Genetic factors predispose people to alcoholism. That’s why the children of alcoholics are four times more likely to develop drinking problems, and the sons of alcoholic fathers are at even greater risk. And that’s why kids who are born to alcoholic parents and then raised by non-drinking parents have the same risk for alcoholism as if they had been raised by their biologic parents.
This is not to say that one, or even a handful of genes are responsible for the disease. The number is clearly far higher than that. Genes that predispose to alcoholism affect diverse physiological functions ranging from those involved with alcohol metabolism to those governing the behavioral response to rewards and pleasure. Some genes linked primarily to depression have even been linked to alcoholism.
The explanation for this multi-gene etiology is that diverse social and environmental factors can interact with genetically programmed mechanisms in complex ways, all of which end-up precipitating the syndrome.

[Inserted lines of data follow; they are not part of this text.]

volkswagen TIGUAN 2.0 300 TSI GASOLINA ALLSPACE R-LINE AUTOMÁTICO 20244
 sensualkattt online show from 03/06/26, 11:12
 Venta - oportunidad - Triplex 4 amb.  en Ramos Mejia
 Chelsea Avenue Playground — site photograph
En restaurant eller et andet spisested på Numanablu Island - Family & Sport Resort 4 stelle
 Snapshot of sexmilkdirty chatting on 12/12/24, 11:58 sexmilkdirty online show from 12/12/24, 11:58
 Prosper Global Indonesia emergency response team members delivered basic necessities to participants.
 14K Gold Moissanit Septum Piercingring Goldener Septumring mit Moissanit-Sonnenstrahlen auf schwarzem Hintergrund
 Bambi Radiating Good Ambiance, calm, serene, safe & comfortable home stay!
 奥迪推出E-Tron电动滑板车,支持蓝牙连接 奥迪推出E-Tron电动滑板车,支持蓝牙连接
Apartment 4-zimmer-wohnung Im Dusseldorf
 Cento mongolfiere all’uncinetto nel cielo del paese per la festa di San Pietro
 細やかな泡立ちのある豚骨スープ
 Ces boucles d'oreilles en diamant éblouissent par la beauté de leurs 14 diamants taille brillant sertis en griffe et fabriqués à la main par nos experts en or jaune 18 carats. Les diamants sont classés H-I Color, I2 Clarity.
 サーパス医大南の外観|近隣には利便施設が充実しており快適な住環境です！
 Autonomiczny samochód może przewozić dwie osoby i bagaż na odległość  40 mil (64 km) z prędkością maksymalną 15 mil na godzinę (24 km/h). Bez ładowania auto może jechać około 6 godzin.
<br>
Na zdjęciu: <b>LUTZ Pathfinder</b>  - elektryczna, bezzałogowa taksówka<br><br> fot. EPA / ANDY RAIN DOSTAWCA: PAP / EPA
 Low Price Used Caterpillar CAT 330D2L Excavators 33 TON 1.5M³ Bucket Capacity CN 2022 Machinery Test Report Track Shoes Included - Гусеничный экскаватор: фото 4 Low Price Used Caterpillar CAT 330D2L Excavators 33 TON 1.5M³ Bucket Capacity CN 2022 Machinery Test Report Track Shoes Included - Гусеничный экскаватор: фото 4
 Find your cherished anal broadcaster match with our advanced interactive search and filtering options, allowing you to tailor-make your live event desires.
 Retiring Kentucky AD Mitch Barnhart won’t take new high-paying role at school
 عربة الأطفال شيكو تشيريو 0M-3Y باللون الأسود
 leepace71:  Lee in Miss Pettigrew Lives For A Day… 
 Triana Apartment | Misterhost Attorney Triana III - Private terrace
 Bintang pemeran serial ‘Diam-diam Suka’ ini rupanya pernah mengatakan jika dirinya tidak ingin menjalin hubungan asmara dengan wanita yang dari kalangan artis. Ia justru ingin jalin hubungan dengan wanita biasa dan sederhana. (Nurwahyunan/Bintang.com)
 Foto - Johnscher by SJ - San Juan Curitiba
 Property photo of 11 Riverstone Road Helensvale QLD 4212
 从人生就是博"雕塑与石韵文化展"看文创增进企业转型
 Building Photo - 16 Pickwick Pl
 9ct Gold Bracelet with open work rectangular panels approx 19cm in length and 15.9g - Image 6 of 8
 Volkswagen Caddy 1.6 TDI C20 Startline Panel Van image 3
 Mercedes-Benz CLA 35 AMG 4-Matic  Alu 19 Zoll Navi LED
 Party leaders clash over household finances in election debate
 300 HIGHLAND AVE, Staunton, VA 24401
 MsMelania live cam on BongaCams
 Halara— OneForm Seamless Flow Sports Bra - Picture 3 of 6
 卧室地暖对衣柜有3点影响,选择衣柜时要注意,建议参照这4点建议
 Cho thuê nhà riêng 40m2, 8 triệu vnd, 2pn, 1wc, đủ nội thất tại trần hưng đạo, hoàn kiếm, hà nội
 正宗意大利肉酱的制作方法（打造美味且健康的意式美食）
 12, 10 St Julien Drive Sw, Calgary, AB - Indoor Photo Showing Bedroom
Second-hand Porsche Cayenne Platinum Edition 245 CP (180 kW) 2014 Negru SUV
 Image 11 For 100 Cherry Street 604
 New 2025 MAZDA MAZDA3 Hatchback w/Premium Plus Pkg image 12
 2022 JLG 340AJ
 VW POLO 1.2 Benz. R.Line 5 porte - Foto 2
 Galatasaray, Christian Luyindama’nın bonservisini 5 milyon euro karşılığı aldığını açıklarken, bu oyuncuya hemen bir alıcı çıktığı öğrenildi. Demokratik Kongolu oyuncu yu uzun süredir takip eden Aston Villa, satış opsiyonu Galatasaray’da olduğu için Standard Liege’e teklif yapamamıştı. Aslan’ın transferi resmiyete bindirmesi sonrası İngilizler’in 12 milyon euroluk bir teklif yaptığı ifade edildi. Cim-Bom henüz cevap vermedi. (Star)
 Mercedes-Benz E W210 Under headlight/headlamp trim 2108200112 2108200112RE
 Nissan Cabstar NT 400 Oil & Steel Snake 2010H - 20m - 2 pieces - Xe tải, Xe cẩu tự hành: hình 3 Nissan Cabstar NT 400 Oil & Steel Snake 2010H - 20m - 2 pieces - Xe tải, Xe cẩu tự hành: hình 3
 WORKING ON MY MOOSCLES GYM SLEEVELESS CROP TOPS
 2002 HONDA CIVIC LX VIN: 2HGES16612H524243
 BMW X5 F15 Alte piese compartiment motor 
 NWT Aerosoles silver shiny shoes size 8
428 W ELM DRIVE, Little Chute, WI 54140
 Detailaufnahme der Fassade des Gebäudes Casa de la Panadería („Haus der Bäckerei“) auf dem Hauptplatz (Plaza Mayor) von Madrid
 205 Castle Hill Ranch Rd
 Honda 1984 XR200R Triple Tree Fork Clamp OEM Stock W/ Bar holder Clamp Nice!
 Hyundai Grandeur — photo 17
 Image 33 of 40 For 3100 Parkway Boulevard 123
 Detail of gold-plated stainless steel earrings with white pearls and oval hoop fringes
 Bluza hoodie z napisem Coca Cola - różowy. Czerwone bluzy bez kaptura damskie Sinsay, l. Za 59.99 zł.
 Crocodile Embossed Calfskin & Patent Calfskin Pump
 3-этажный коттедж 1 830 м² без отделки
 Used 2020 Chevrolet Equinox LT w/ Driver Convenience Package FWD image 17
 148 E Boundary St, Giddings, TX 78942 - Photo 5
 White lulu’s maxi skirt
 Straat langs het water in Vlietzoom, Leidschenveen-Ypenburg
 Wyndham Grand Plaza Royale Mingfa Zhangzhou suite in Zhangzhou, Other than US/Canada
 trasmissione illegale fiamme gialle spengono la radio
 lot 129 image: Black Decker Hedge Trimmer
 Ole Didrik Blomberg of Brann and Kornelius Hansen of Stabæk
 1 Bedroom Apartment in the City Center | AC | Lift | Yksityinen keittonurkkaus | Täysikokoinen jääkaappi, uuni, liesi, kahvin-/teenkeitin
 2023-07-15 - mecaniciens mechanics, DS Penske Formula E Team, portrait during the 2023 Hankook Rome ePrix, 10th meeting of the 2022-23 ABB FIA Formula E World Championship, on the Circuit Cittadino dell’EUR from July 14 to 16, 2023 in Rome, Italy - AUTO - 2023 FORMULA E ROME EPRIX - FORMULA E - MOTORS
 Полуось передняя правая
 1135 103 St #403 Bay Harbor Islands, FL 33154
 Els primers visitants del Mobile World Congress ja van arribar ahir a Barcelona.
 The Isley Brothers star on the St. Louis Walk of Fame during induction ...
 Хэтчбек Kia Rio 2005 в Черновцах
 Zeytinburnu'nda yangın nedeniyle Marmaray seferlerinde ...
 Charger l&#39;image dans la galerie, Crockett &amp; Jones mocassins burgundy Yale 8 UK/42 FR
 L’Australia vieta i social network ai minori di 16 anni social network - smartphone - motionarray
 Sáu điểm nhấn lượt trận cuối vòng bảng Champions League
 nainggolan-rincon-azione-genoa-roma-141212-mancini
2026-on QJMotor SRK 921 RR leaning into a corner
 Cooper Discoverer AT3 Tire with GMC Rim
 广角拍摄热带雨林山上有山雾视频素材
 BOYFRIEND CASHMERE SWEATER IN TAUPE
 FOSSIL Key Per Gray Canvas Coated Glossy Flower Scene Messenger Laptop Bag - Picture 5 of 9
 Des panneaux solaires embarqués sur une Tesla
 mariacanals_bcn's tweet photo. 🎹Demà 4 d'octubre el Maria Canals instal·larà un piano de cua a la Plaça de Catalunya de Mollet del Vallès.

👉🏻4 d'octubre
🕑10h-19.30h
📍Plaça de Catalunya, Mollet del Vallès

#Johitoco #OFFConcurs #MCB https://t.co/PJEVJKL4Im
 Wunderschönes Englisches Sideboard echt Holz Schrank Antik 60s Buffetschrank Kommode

Gene Links to Alcoholism: A Sampler
The “Asian Flush” genes are perhaps the best understood in this regard. Fully one third of all people of East Asian descent are born with a genetic deficiency that causes their cheeks, and often their necks, arms and trunk to turn sunburn-red after consuming even small amounts of alcohol. This “Asian Flush” syndrome is often associated with nausea, headache and tachycardia, distasteful symptoms which act collectively to deter people from drinking alcohol. The result: very few affected individuals become alcoholics.
A separate, colloquially named “tipsy gene” makes affected individuals feel completely bombed after just a drink or two. As many as 20% of the US population has the tipsy gene. It too seems to protect people from becoming alcoholics.
By contrast, a gene variant for the DRD2 dopamine receptor in the brain causes people to feel downright euphoric after drinking, probably because it alters the way the brain’s reward circuits respond to alcohol. Some (but not all) studies have shown this gene variant to be present in a disproportionate number of alcoholics, drug addicts and cigarette smokers.
Where This is Headed
The breakthrough concept that dozens of genes are linked to alcoholism has fostered the idea that multiple, gene-specific drugs can be deployed to fight the disease. Moving beyond the one-drug-fits all paradigm will likely lead to more effective therapy and improved compliance, or so goes the theory.
Scientists have already made progress in this regard. For example, Bankole Johnson and colleagues at the University of Virginia recently identified a cohort of alcoholics that shared a certain gene variations involving serotonin, a neurotransmitter in the brain. They prescribed ondansetron (Zofran) for these patients. Ondansetron is a serotonin blocker that is normally used to treat chemotherapy-related nausea. Remarkably, the drug reduced alcohol consumption in alcoholics with one specific gene variation, but not in those with other kinds of gene variations.
Similarly, scientists have shown that alcohol-dependent patients with a certain, specific gene variation for an opioid receptor in the brain had sustained, positive outcomes when treated with the drug naltrexone. Patients with different genetic abnormalities didn’t have the same positive response to the opioid blocking drug.
“Imagine this scenario,” Johnson said in an interview. “You go to your doctor and say, ‘I’m drinking and I need help. The doctor (performs) a blood test and if you qualify, you get tablets the next day and they’re likely to be effective. If you do not qualify, you don’t waste your time with the medicine.”